* **Assignment**: Every record that follows should be copied exactly. No picture belongs in the copy.
####################
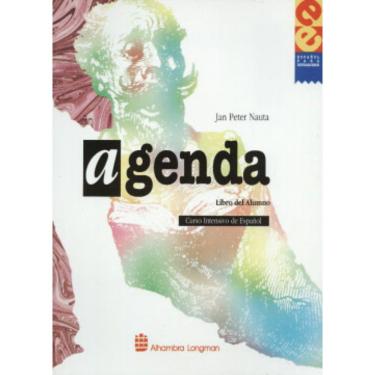 Imagem de Agenda - Curso Intensivo De Espanol Alumno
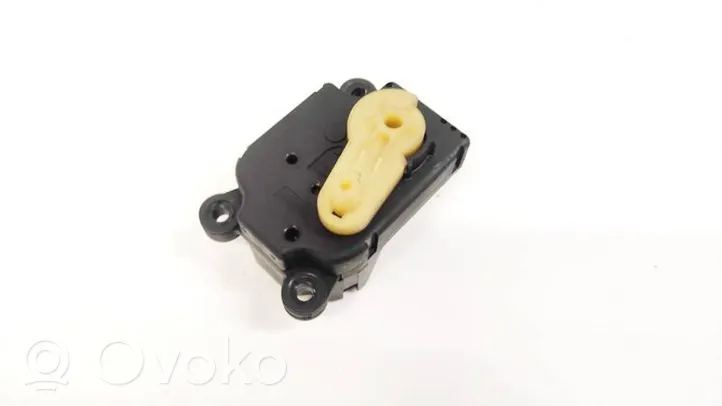 Opel Vectra C Motor/activador trampilla de calefacción 09180204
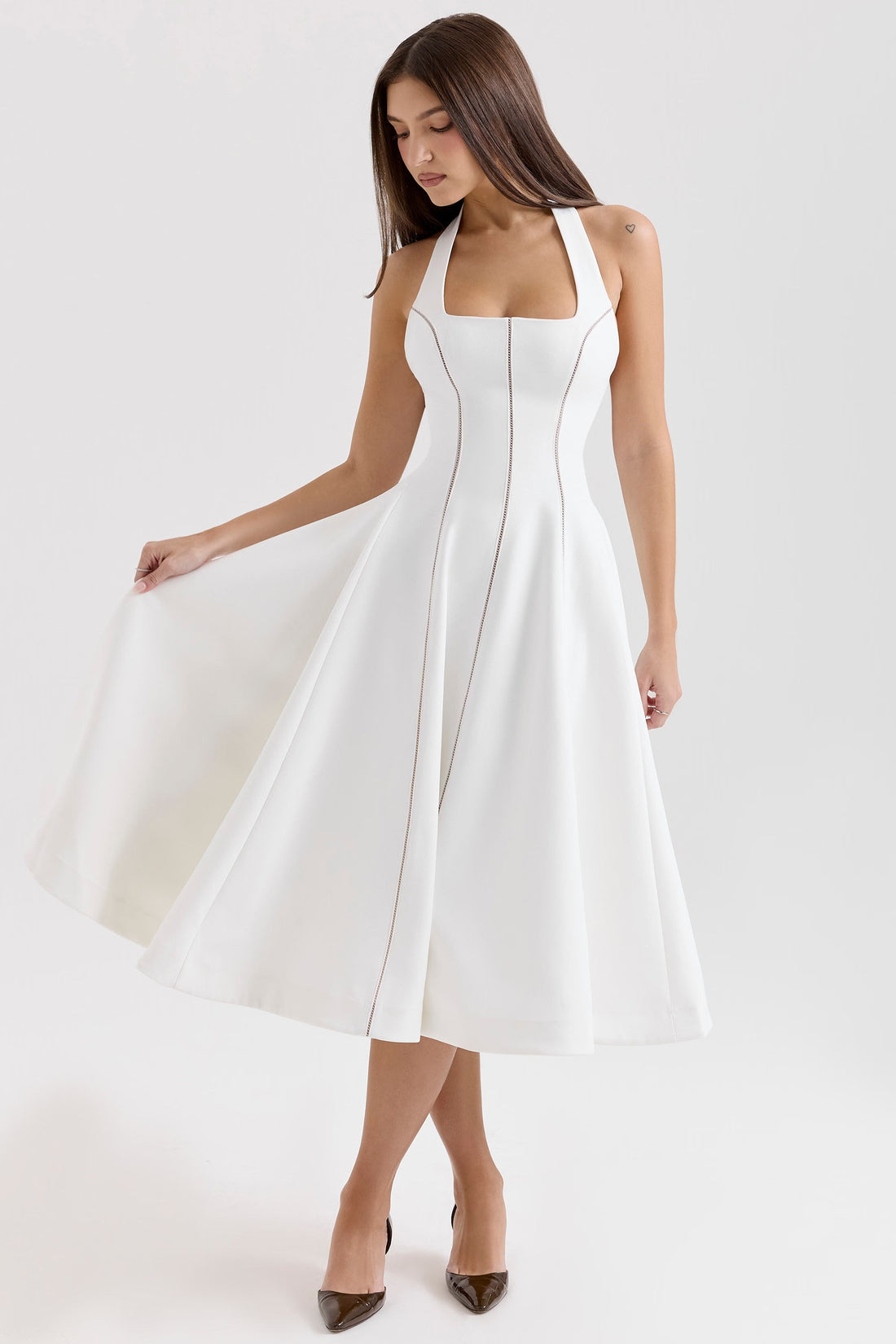 Myra Midi Dress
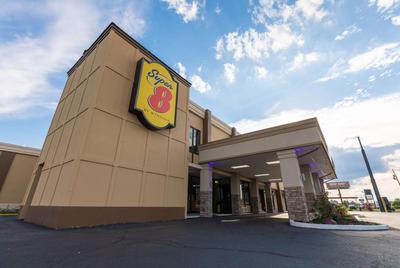 Super 8 by Wyndham Goldsboro, Billede 2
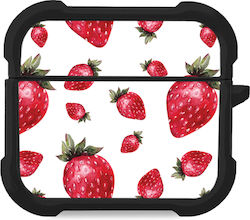 Sonique Fruit Series Silikonhülle für Apple Air...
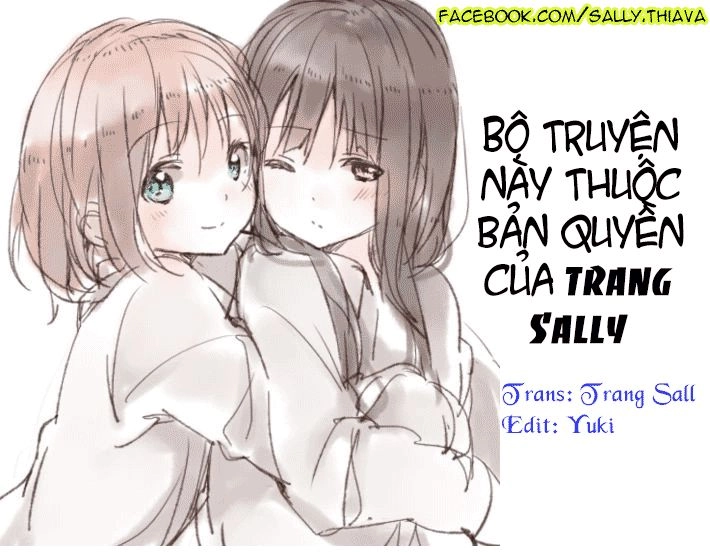 Yuricam Chapter 11 - 3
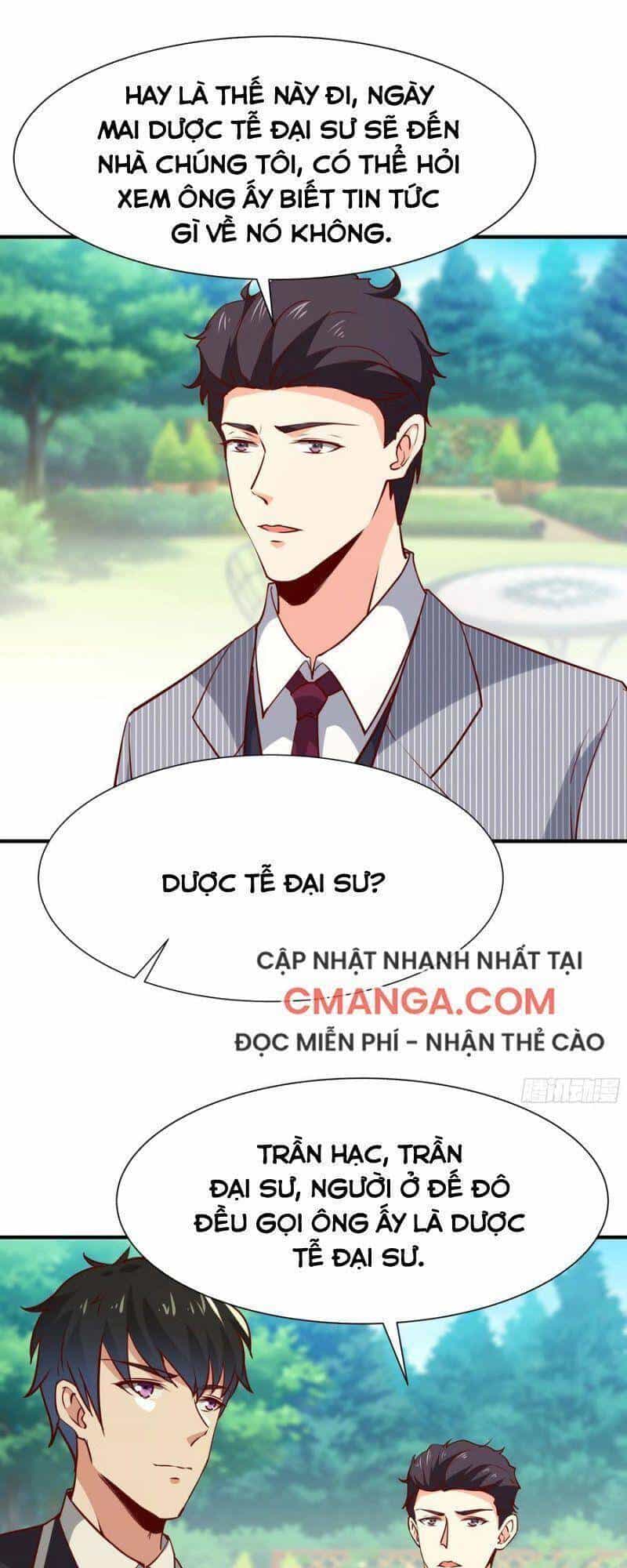 Trùng Sinh Đô Thị Thiên Tôn - Chương 173 - ảnh 17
####################
* **Your solution**:
 Imagem de Agenda - Curso Intensivo De Espanol Alumno
 Opel Vectra C Motor/activador trampilla de calefacción 09180204
 Myra Midi Dress
 Super 8 by Wyndham Goldsboro, Billede 2
 Sonique Fruit Series Silikonhülle für Apple Air...
 Yuricam Chapter 11 - 3
 Trùng Sinh Đô Thị Thiên Tôn - Chương 173 - ảnh 17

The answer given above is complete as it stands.